"If the young lady is not willing," he ventured, "it is not right to marry her against her will."
Gerald Huntington turned on him sternly.
"Reverend sir," he said, haughtily, "we have not asked for your opinion. You are here to perform the ceremony of marriage. Proceed with it. To refuse, or even to hesitate, will be at your deadly peril!"

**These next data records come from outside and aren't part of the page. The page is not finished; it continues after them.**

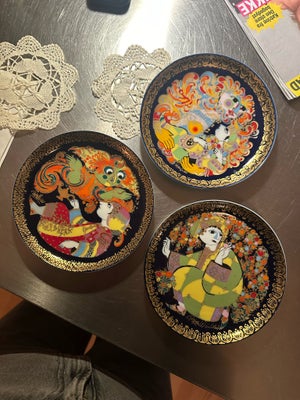 Porcelæn, Platter, Bjørn wiinblad, Bjørn wiinblad
Tallerkener/platter med ophæng Aladdin

Samlet 450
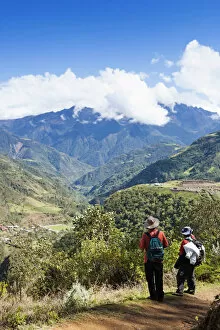 Images Dated 6th February 2013: South America, Peru, Cusco, Huancacalle. Hikers approaching the Inca ceremonial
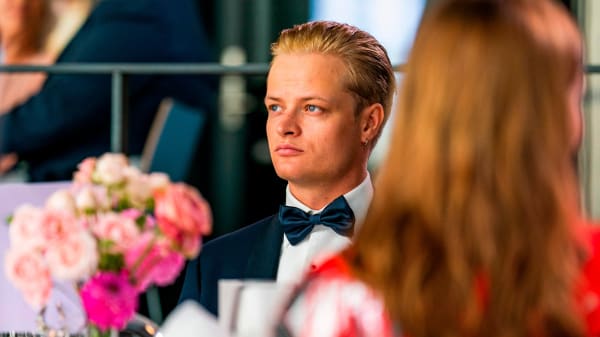 Kronprinsesse Mette-Marits søn efterforskes for brud på tilhold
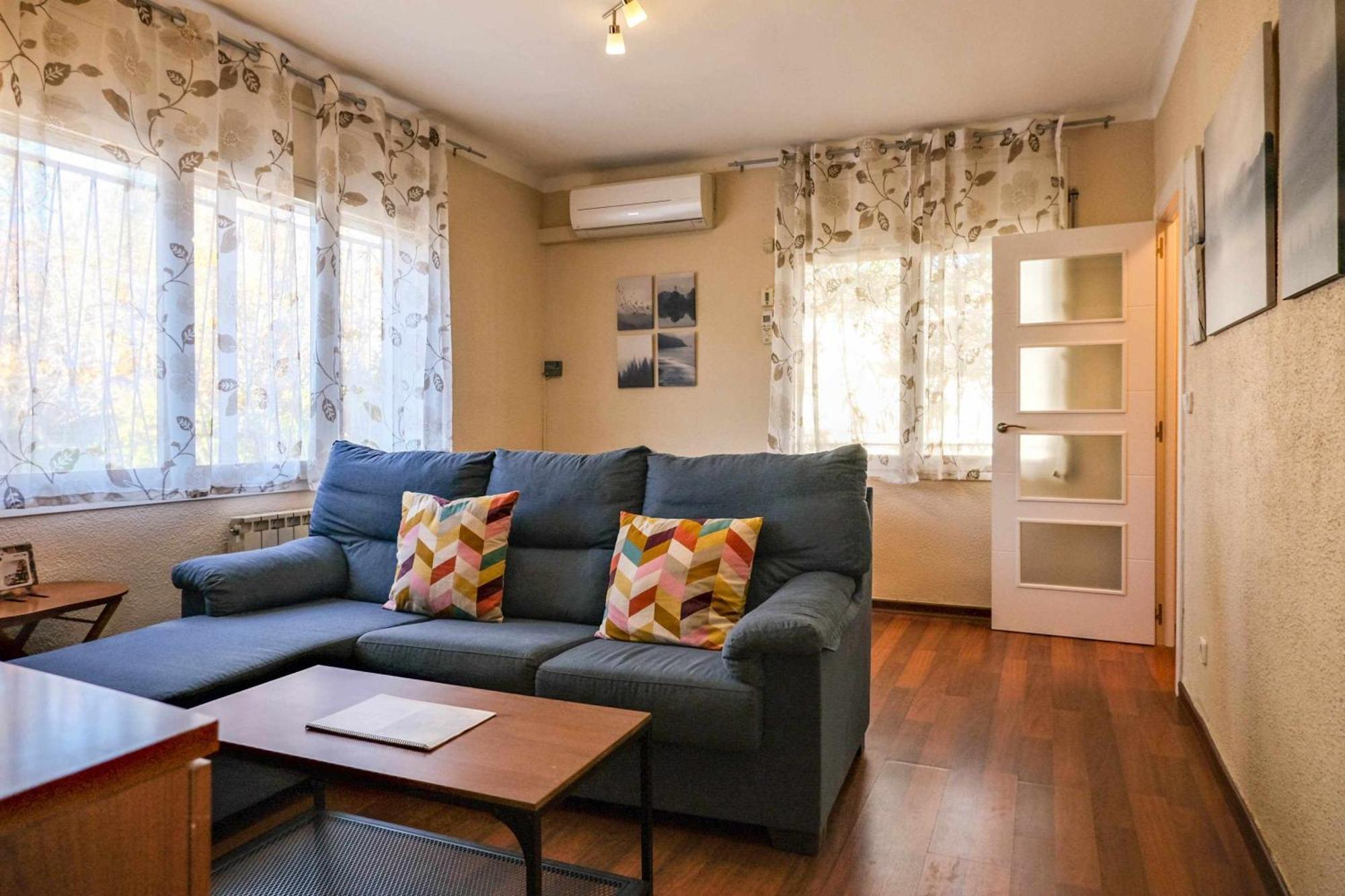 Can Camps Besalu Casa Planta Baja Con Jardin Zewnętrze zdjęcie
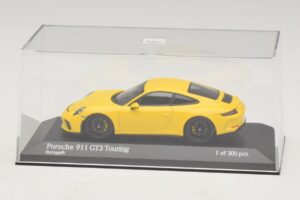 Porsche 911 991.2 GT3 Touring Geltonas Minichamps 1:43 410067421 Metalas - nuotrauka 4 iš 5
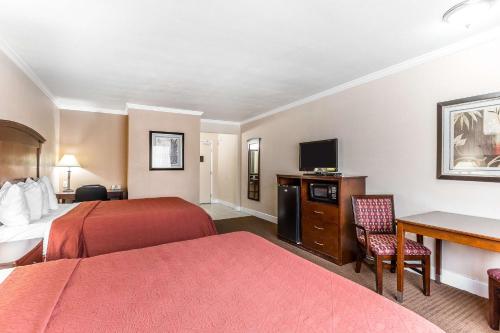 Standard Queen Room with Two Queen Beds - Non-Smoking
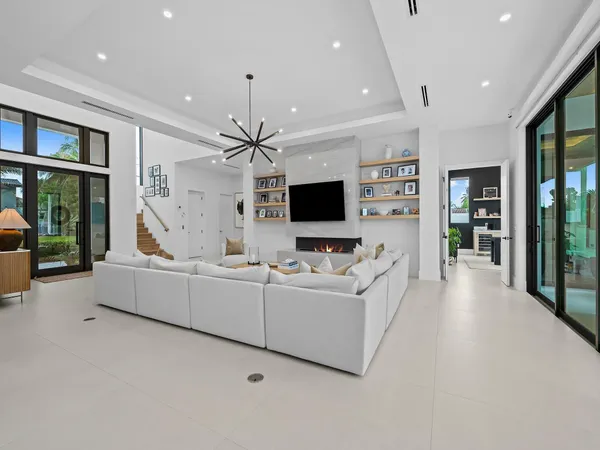 $5,398,000 | 2420 Northeast 48th Street, Lighthouse Point, FL 33064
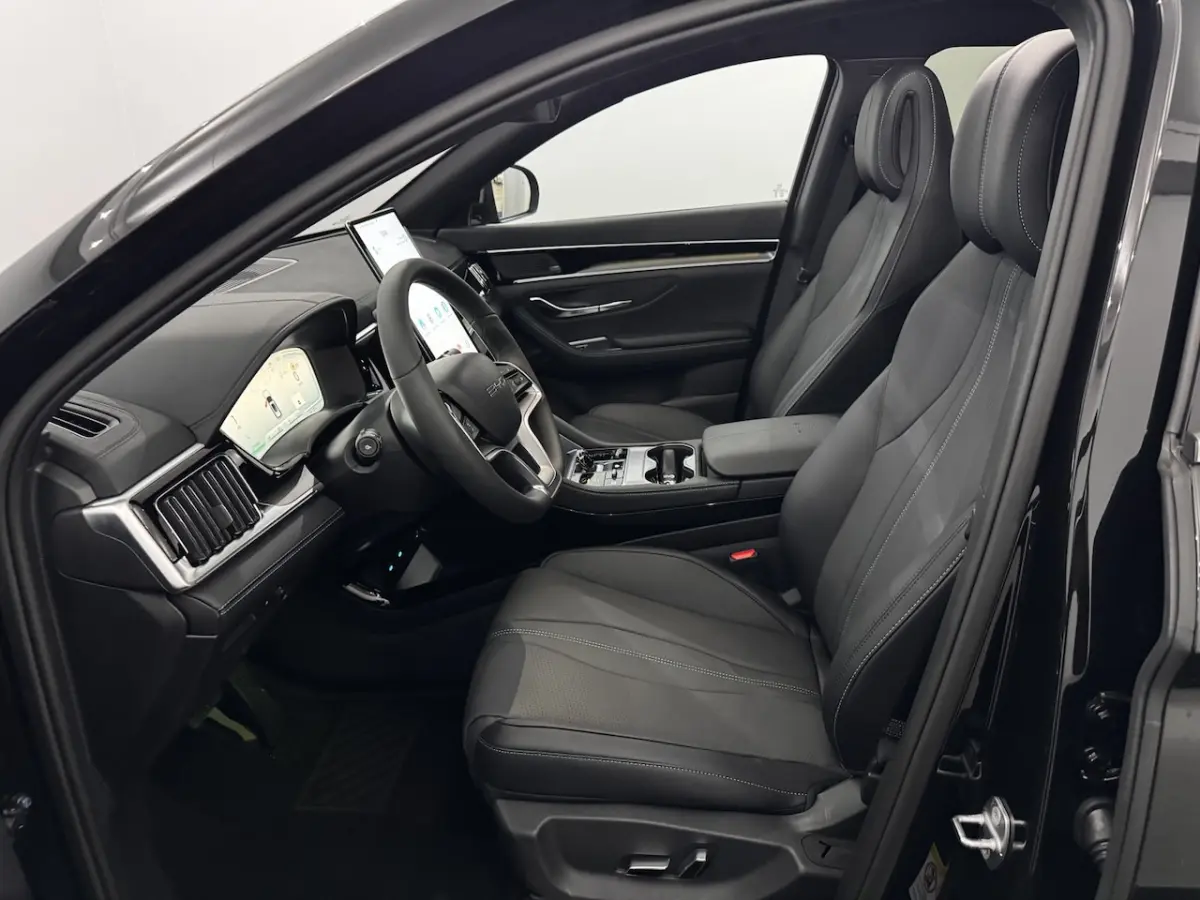 1.5 DM-i FWD Boost Black edition 360 Camera, Pano, Leder, Navi, Infinity, Elektrische acht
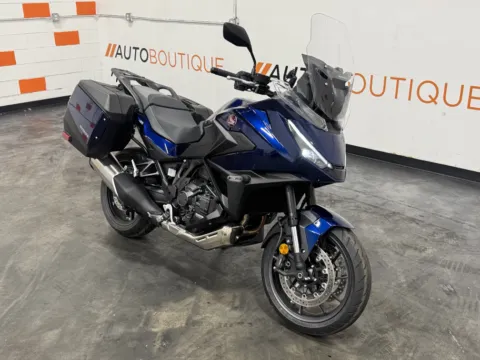 Photos of 2025 HONDA NT1100 DCT for sale in Columbus, OH at Moto Boutique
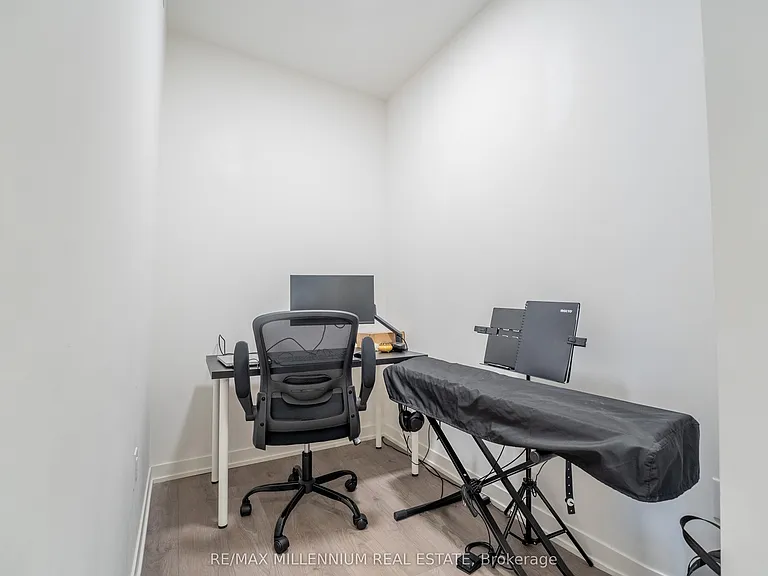 20 Richardson St #1808 — Photo 12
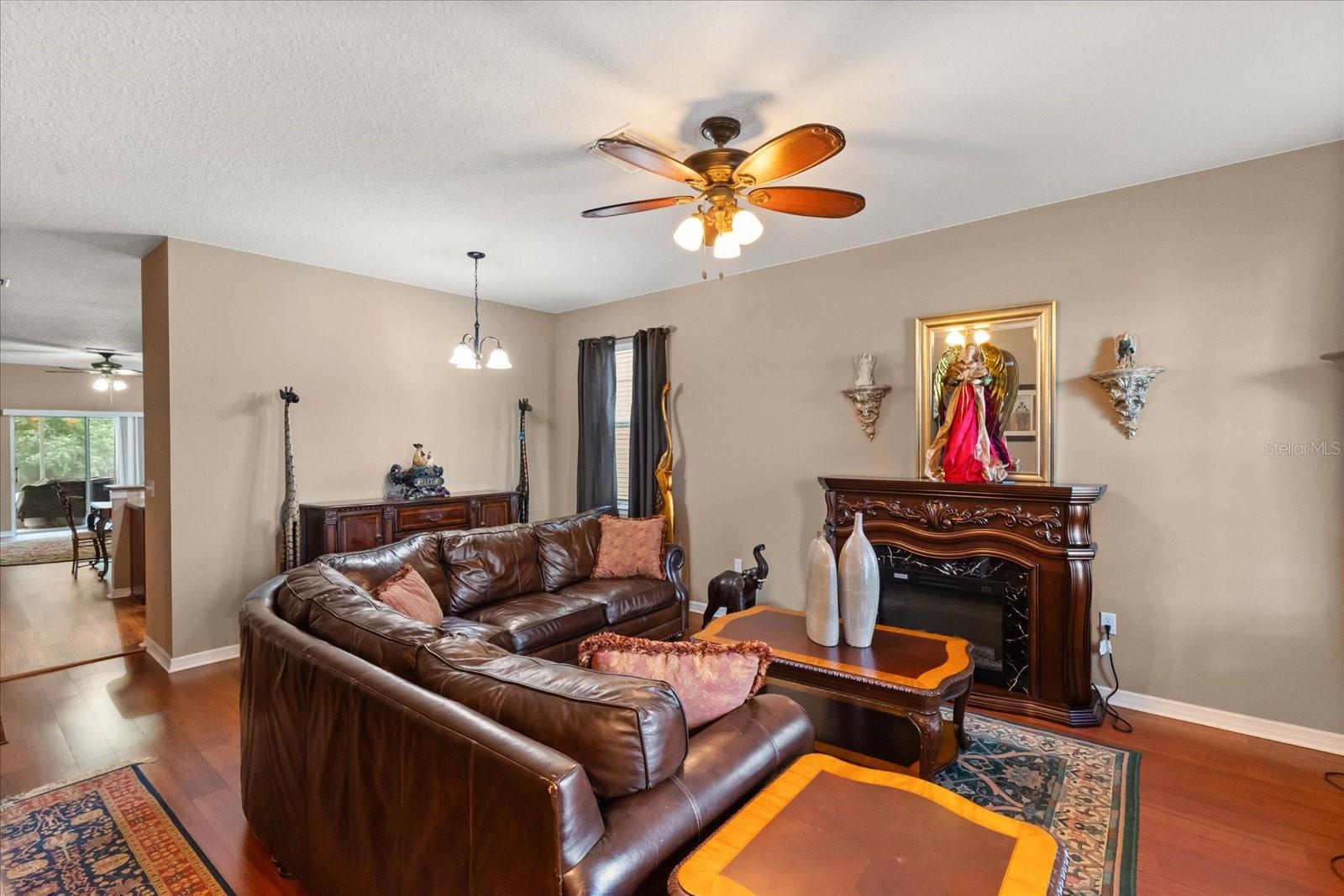 Image 3 of 35 For 2721 Walden Woods Drive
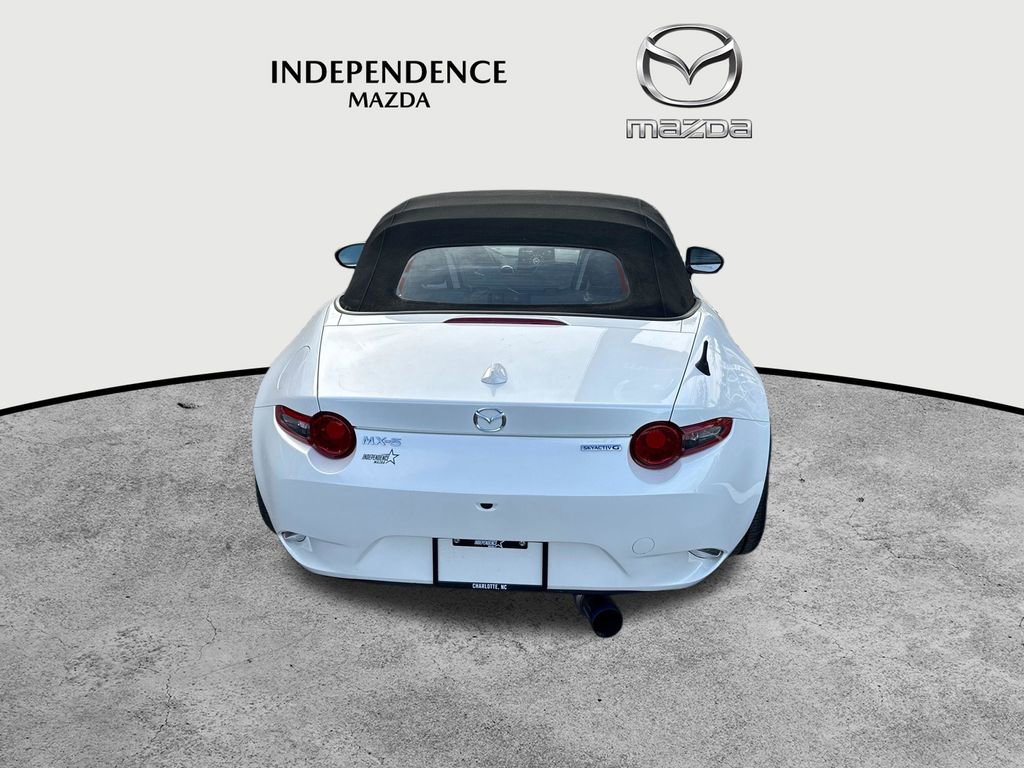 Used 2021 MAZDA MX-5 Miata Grand Touring image 4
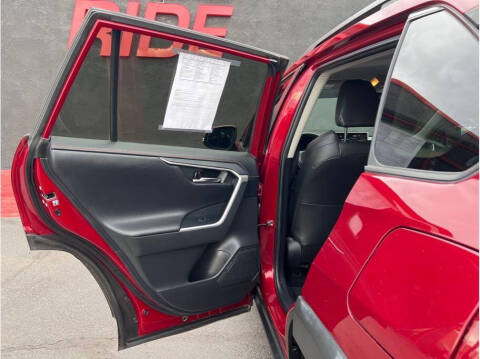 2019 Toyota RAV4 Adventure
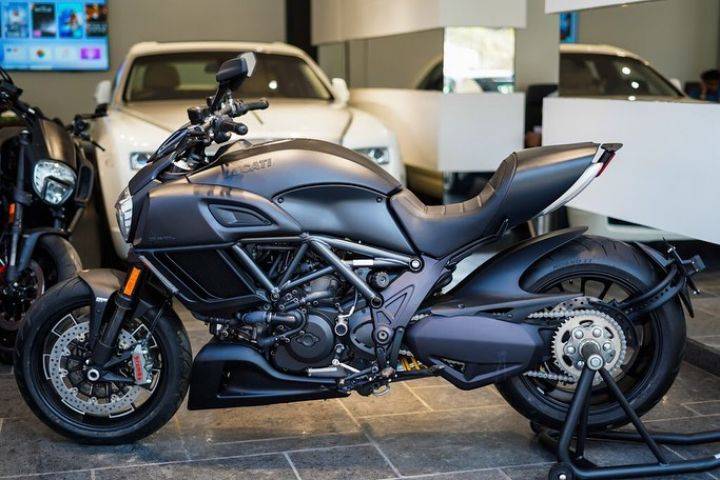 Ducacti Diavel BBT side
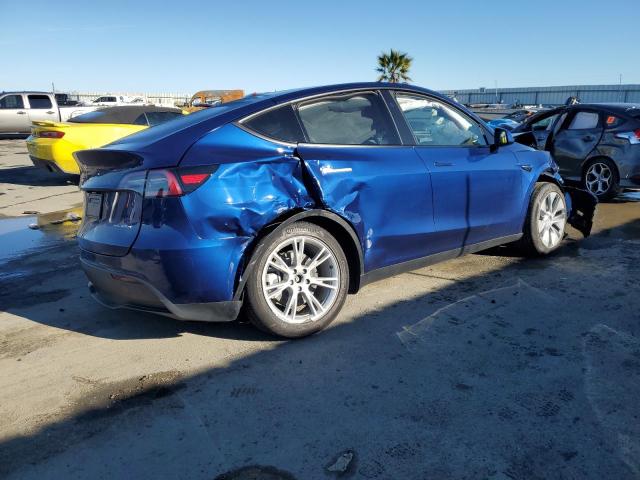 Obraz 3 z 2023 TESLA MODEL Y  2023 z VIN 7SAYGDEE1PA157557
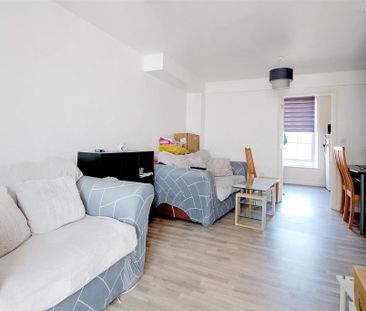 2 bedroom maisonette to rent - Photo 2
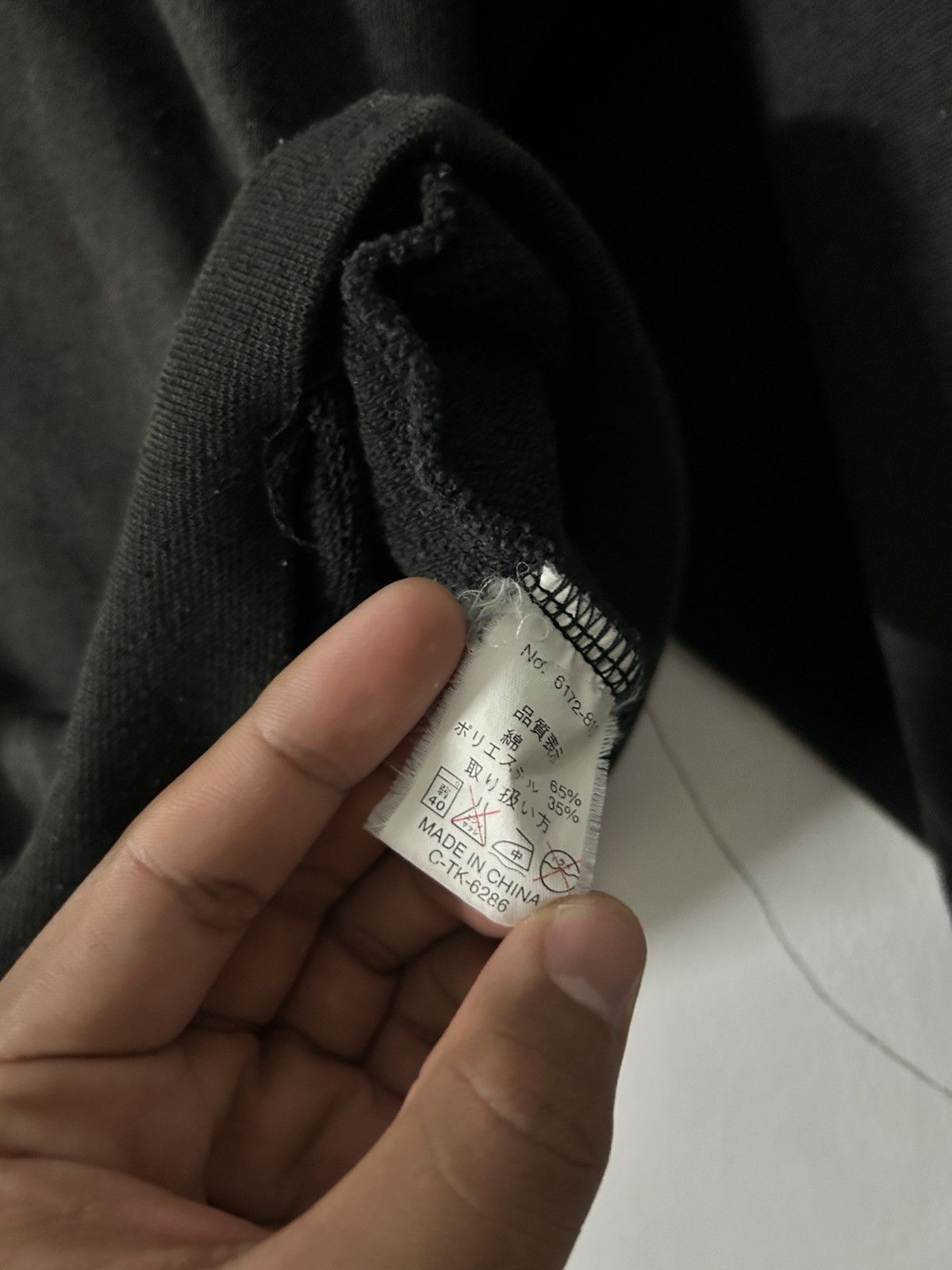 Japanese Brand × Vintage Vintage Lucky Strike Crewneck Motorsport Brand Size US L / EU 52-54 / 3 - 6 Thumbnail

His white hand went into his breast, and the priest heard the click of a weapon. With a throbbing heart and faltering voice he began to mumble forth the words of the marriage service. Bowles and his master held Jaquelina firmly between them. Gerald Huntington made every response in a loud, clear, triumphant voice; but Jaquelina's head drooped on her breast, while her whole slight frame was benumbed by a sick and shuddering horror. A terrible hopeless despair was stamped upon her white and haggard features.
"I pronounce you man and wife, and whom God hath joined together let no man put asunder," said the priest's feeble, quivering voice at last, and the new-made bride drooped forward and fell like one dead at the feet of her lawful master.
[CHAPTER XXI.]
Gerald Huntington lifted his unconscious bride and laid her again on the sofa. Bowles hurried the not unwilling priest from the room. The outlaw chief was alone with the beautiful, senseless form of the hapless girl whom he had torn from the side of her lover before the very altar, and forced away to share the terrible life of a criminal who was in hiding from the stern arm of justice.
He knelt down by her side, and took her small white hand in both his own.
"She fell before I could place the wedding-ring on her finger," he said: "I will do so now."